Jack Williamson's Humanoids is terrifying. In it, the robots are self-reproducing and are connected via an alternate physics to a central brain on a remote planet someplace. They all obey a Prime Directive that commands them to protect humans from harm. The problem, of course, is that "harm" is defined very strictly. On each new planet that the humanoids reach, they abolish drinking, smoking, taking showers alone, and other potentially dangerous activities. Essentially, they rob humans of free will. It's a pretty good story; it focuses on the efforts of humans to use psychic abilities to fight the robots, who are virtually immune to all other forms of attack.

Isaac Asimov's three laws of robotics allow humans more free play than Williamson's Prime Directive. The first law still dictates that a robot must not harm a human or, through inaction, allow a human to come to harm, but the second law is that a robot must obey a human unless doing so violates the first law. The third law is that a robot must protect itself unless doing so violates the first two laws. Of course, we find in Asimov's collection of robot stories, I Robot, that the three laws are not always quite so clear-cut as they appear at first...

Phillip K. Dick's Do Androids Dream of Electric Sheep? again shows us worker robots who are more or less sentient and who rebel against humanity, but his story is more hard-edged and complex than Capek's moralistic tale. Dick has a way of making you really, really confused at times, and this novel is no exception.

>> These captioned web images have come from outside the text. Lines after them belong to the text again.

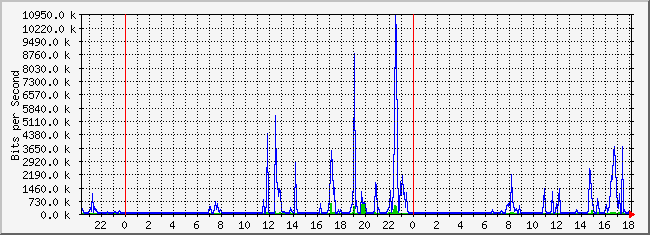 10.1.4.254_12 Traffic Graph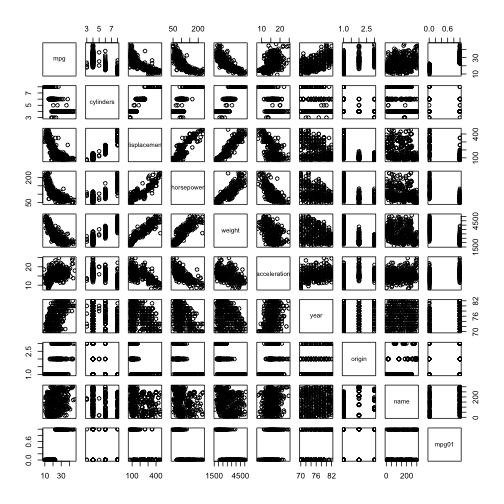 plot of chunk 11b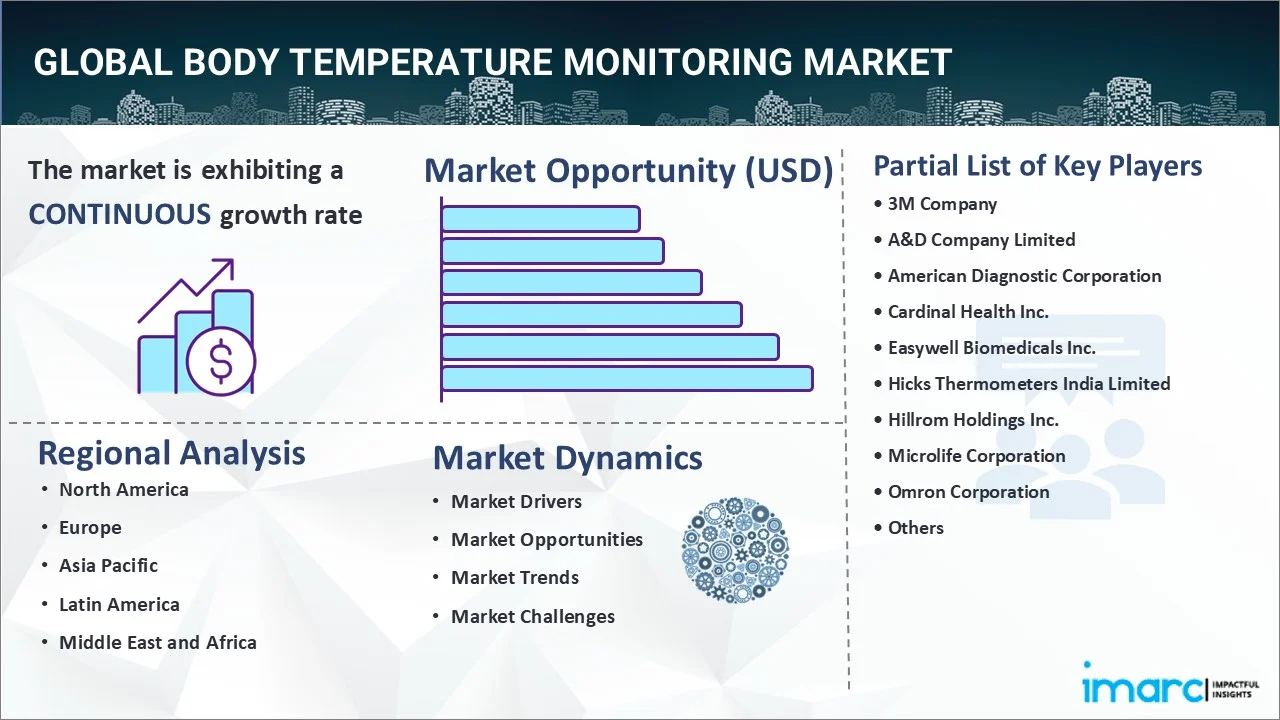 Market Report Image
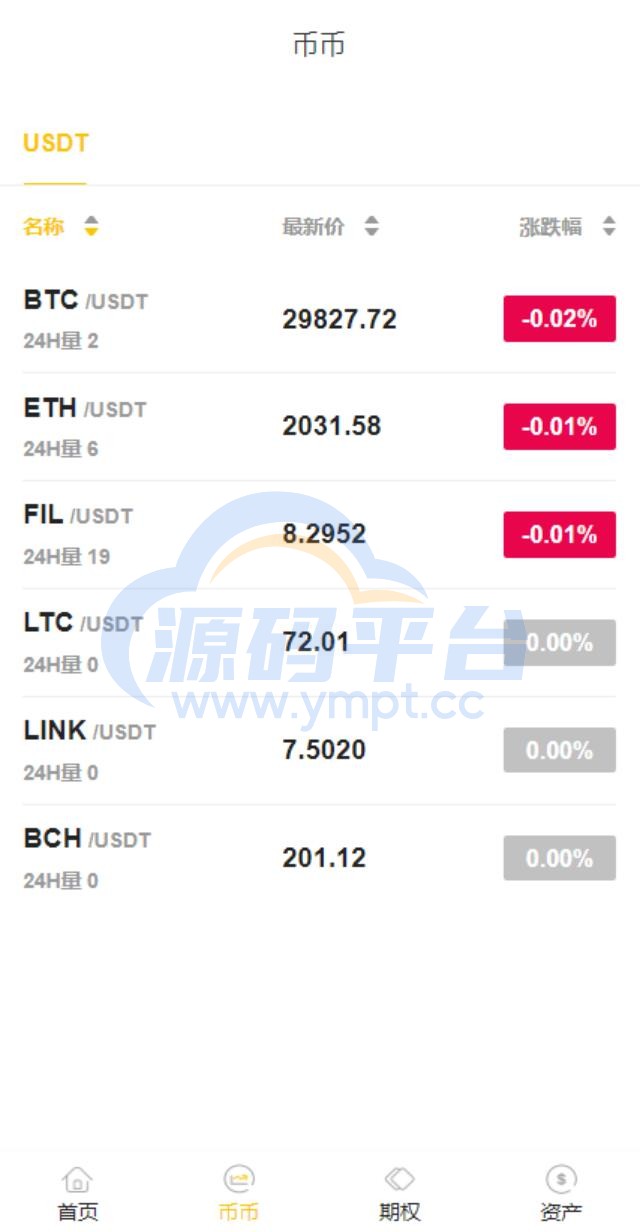 图片[4]-java版区块链交易所/币币交易/秒合约期权交易所 - 源码平台-源码平台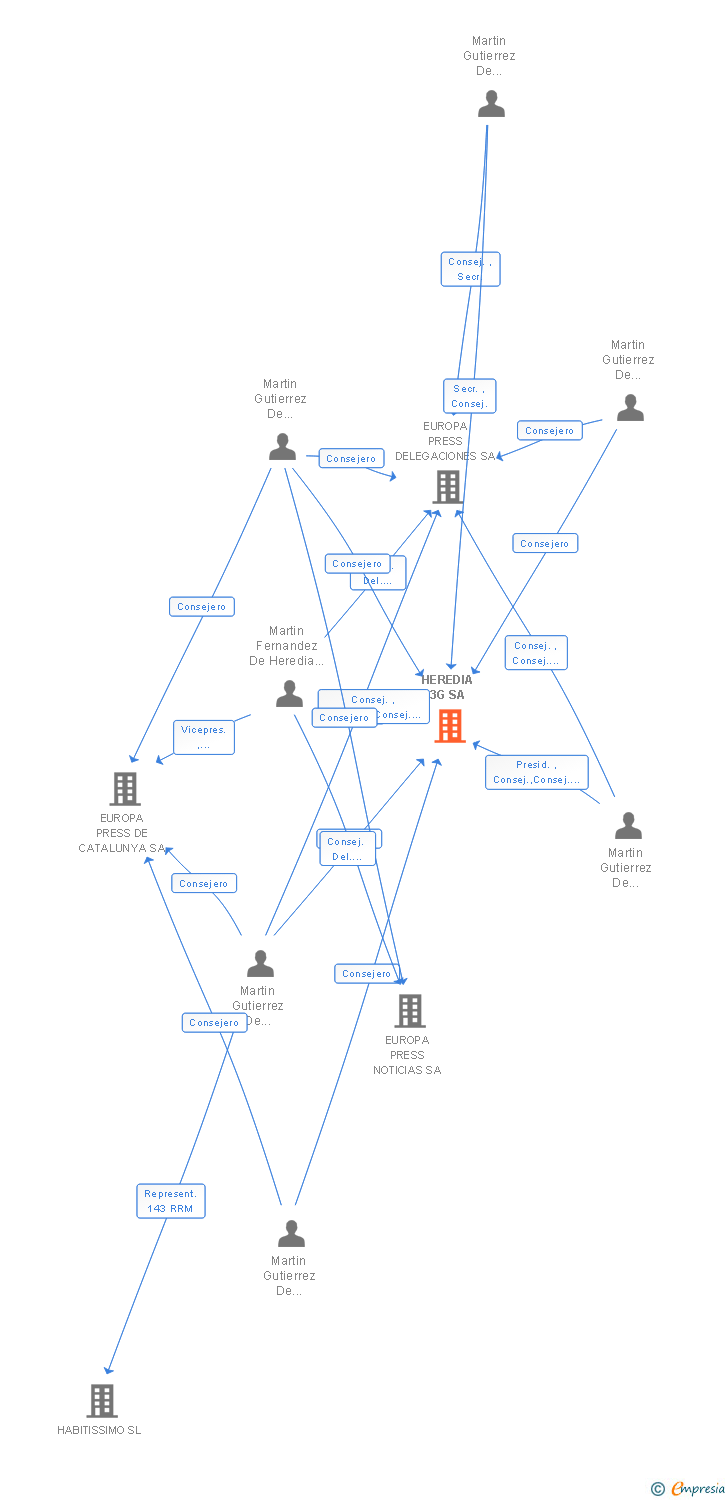 Vinculaciones societarias de EPSUMMA MEDIA SL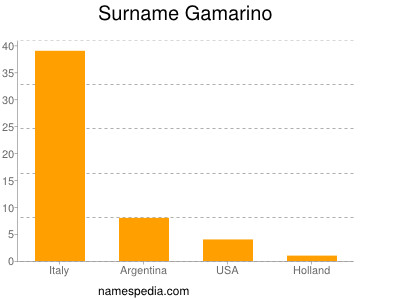 Surname Gamarino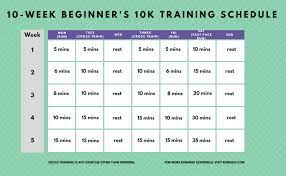 beginner s 10k training schedule rungeni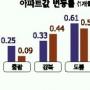 [서울 북부권 아파트시황]수익성 불투명… ‘재건축’ 가격 오락가락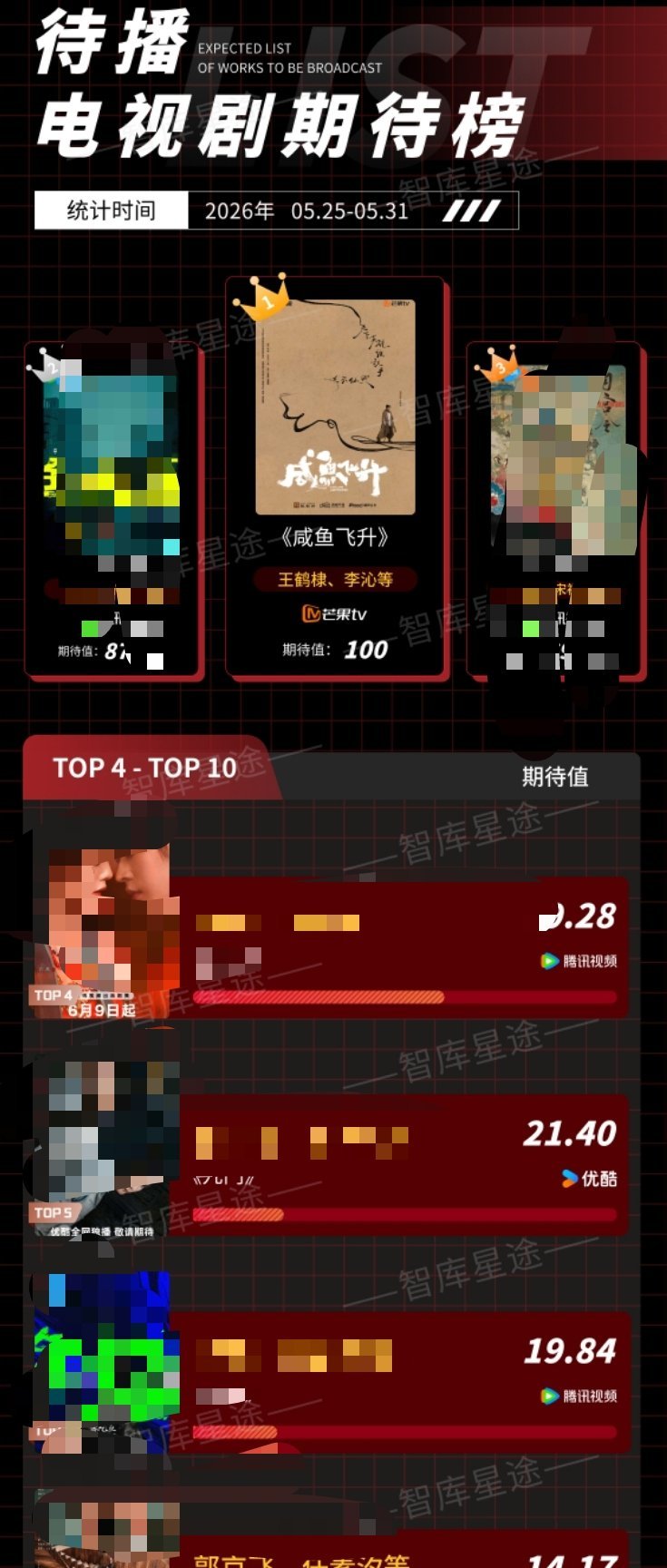 王鹤棣咸鱼飞升谁懂这个期待值100啊！厉害了！我们的大咸鱼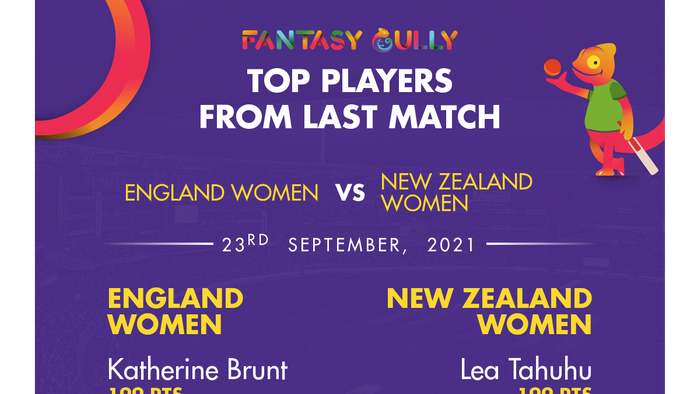 Top Players of the Last Match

The book went on to become the basis of Blade Runner, but in making the film, Ridley Scott was probably influenced just as much by the cyberpunk subgenre of SF as he was by Dick's novel, so the movie's concerns are much different.

Speaking of cyberpunk, Neuromancer by William Gibson is a very interesting novel that does some amazing things with exploring the grafting of technology onto and into humans. Artificial intelligences also play a large role in this novel, and it seems to be one important source for the rash of AI stories that have flooded the SF market since Neuromancer was written.

The concept of "free" labor by machines is a fascinating one, especially when you start to play with the idea of how to prevent these machines from becoming violent or rebellious... one wonders how programmers of Gates's much-vaunted robots will deal with these questions.